I love that I can say to my hair stylist “shorter” and wave my hands around as if they are revealing the image in my mind. Other than that, I don’t have to be more descriptive because he has learned that I am indecisive. My mom can vouch, if stuck to decide I might pass an opportunity up all together.
I hate that I catch myself judging people based on their choice of shoes. Flip-flops are everywhere and my kids love them. But are they really shoes?I am afraid of dogs, horses, and volcanoes. None of which are nearby, but I secretly worry they could be or what would happen if they were in closer proximity.
I wish I would have learned earlier in life how fun movie nights are with a projector connected to the computer.
I recently went to the chiropractor for the first time. I didn’t know those sounds could come from my bones.
I love sparkling water, especially as I discover new flavors. Jessica recently introduced me to a coconut sparkling water that I adored.
I forgot I had children with me in the West Elm store today. Luckily, there was an Ice Cream Social that my mom took them to, while I drooled over the furniture and rugs.
I have taken two bags to the thrift store every week this summer. I don’t know if it has made an impact on anyone in my family. But I intend on continuing to purge through our belongings.
I bought two embroidered pillows (inspired by Angela and Ben’s home) that are my motivation to now make my bed, which I haven’t faithfully done since I was seven when my mom taught me how to hide my pillow with a fold in my Strawberry Shortcake bedcover.

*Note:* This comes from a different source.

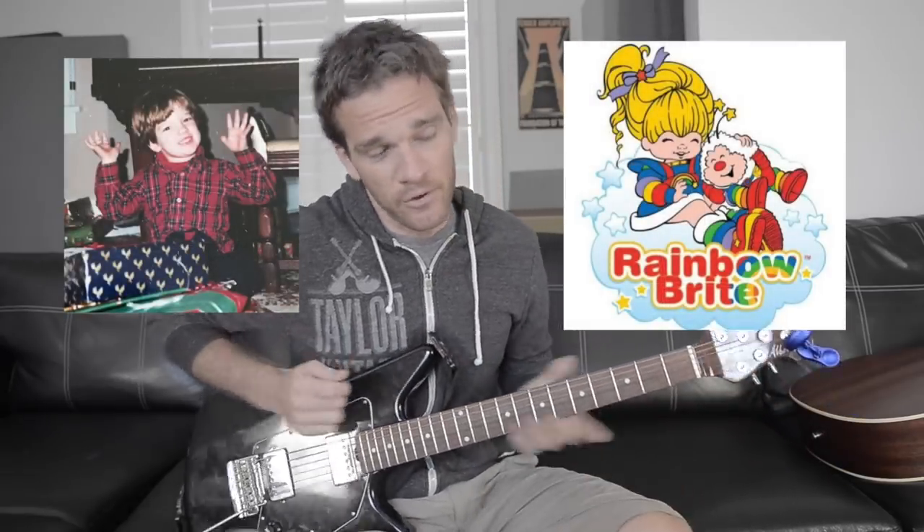Some things should never be repeated, like the impassioned speech I gave to my first-grade classmates about the leadership qualities of Rainbow Brite. But if you're trying to learn guitar, having a way to repeat or loop yourself is, in my opinion, the most invaluable tool you can have.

I plan every trip our family takes, starting with our honeymoon. I am in the midst of planning our road trip to Salinas and San Francisco next week with points of interest and vegetarian spots to eat at.
I envy people who save money to travel to exotic places. I want my children to see many places and hopefully some of that will be as a family.
I want to be better at meal planning and apologizing. If I could somehow figure out a way to make these two practices my natural response I think life would be increasingly easier.I hope I am raising children who are kind, polite, and forgiving. Lord have mercy.